ABA (as it was known) is the professional convention for the publishing industry. Publishers have booths with which to show their upcoming titles, and booksellers from all over the country come to see what will fill their shelves. It’s a grand event where books are glamorous, authors are rock stars, and librarians are courted. It’s changed over the years – they are even experimenting with letting consumers in this year – but it remains a celebration of ideas and literacy.
It was my first time at ABA, but the man who would be my husband was an old hand. He’d been going since 1963, when he was 12 years old. His father had taken a job with a small bookstore in Minneapolis, which had ambitions to grow and become a national chain. That bookstore was B. Dalton. As a result, my husband was used to attending, and accustomed to being fussed over by publishing houses that wanted to make a good impression on his dad.
By 1979, his dad had long since left B. Dalton, Minneapolis, the United States and the Northern Hemisphere, but John still knew his way around the convention floor. He showed me how to get free books, catalogs, and all sorts of other cool stuff.
One of the cool things we got was a pair of tickets to a movie screening. Alien. The same booth had a graphic novel adaptation by our pals Archie Goodwin and Walter Simonson (which seems to be on the fall list this year as well). I had never been to a movie screening before. I was really excited.
That night, I read the book. It scared me so much that I was unable to sleep. We were staying with my cousin in a tiny little cottage in Laurel Canyon, and every noise from outside sounded like a landing spaceship to me, not a coyote.
We left the convention with plenty of time to get to the theater for the movie. I had very particular ideas about the best place to sit (near the front, in the center of the row). I had to get there early enough so that I would have my choice of seats. I’m still like that. If you’re going to go to the movies with me, you had better be prepared to be at the theater half an hour before showtime.
Once the movie started, for the first 45 minutes or so, I was in heaven. I loved the way the future looked in the film. It was the first time I’d seen a spaceship that looked like people lived in it. There was dirt and grime. People put up New Yorker cartoons. The cast was great, and I especially loved John Hurt, whom I had only previously seen as Caligula in I, Claudius.
Boy, was I upset when his character was killed off.
You have to understand. I had read the book the night before. I knew what was going to happen. I knew the good guys were going to win at the end. And yet, I was still terrified. I was sitting in my seat, peaking through my fingers, knowing that I had about an hour left to sit in the theater and wait for the monster to jump out of dark places. Finally, I decided to go. I stepped over the many people sitting in my row (since I had to sit in the middle).
My husband had too much self-respect to leave.

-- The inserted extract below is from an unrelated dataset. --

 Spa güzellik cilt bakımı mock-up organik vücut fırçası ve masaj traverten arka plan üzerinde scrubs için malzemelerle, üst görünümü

He later told me he did his best to hide under his seat.
And now, Prometheus is supposed to explain the story of what happened before Alien. It’s directed by Ridley Scott, whose eye for detail makes his films always worth watching. It was the film my husband was most looking forward to seeing this summer.
The trailers scare me.
I like to think of myself as a good feminist. I don’t need a man to give my life meaning, to pay my rent or open my pickle jars. And I don’t expect a man to protect me from movie monsters.

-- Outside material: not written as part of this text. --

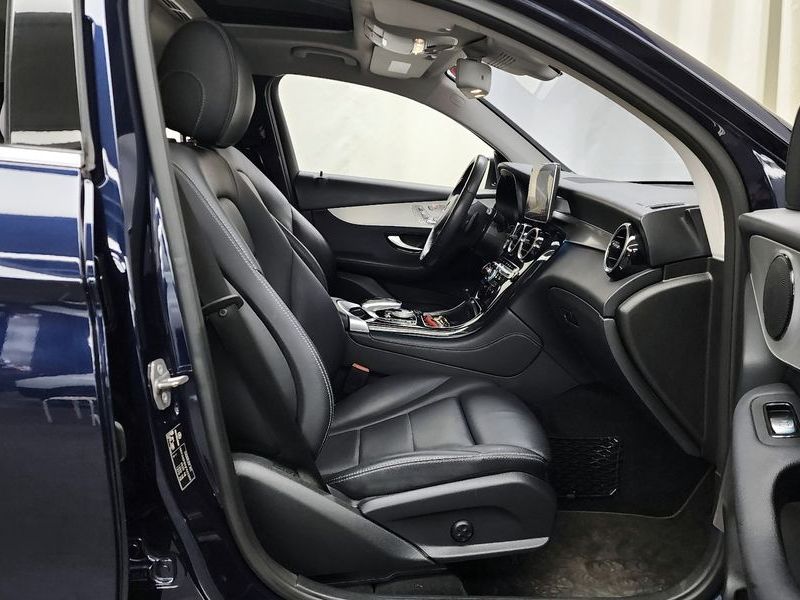 2018 Mercedes-Benz C-Class GLC220 d 4MATIC Coupe photo 11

But I’m afraid to go to this movie by myself. Either I’ll find the courage, or take the cat.
SATURDAY: Marc Alan Fishman defends the modern comic book some more.

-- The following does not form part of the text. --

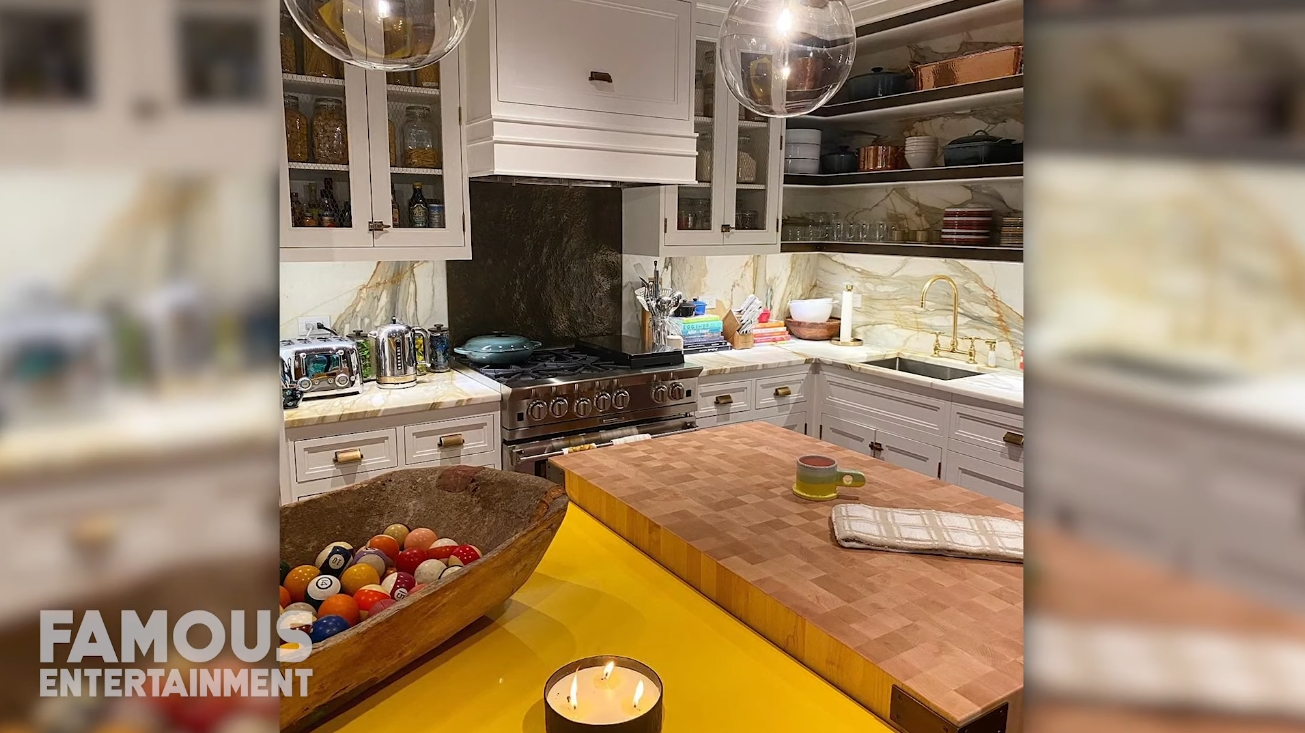 18 Photos vs. Zayn Malik's NYC Penthouse & London Home Interior Design Tour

And the version you saw was probably the re-edited, less grossing-out final release version – after they dialed it back when they had to mop out restrooms between showings at the original previews.
And to think that the Alien had its origins in a beachball with Creature-from-the-Black-Lagoon hands in Dark Star…
Wait, does that mean there’s a scarier version? And, if so, is that the one they show on television? Because I still haven’t seen the end.
I don’t think that version was ever released.
Given the film, though, it may have escaped…
(I think it was grosser, not necessarily scarier – i know the chest buster scene seems to have been recut as part of the recut. Veronica Cartwright talked about how she didn’t notice how things were set up and she got hit square in the face by the first jet of blood and guts – which were real, of course – and screamed and went backward over the back of the couch, finishing the take as basically one boot sticking up with a bit of intestine hanging off it…)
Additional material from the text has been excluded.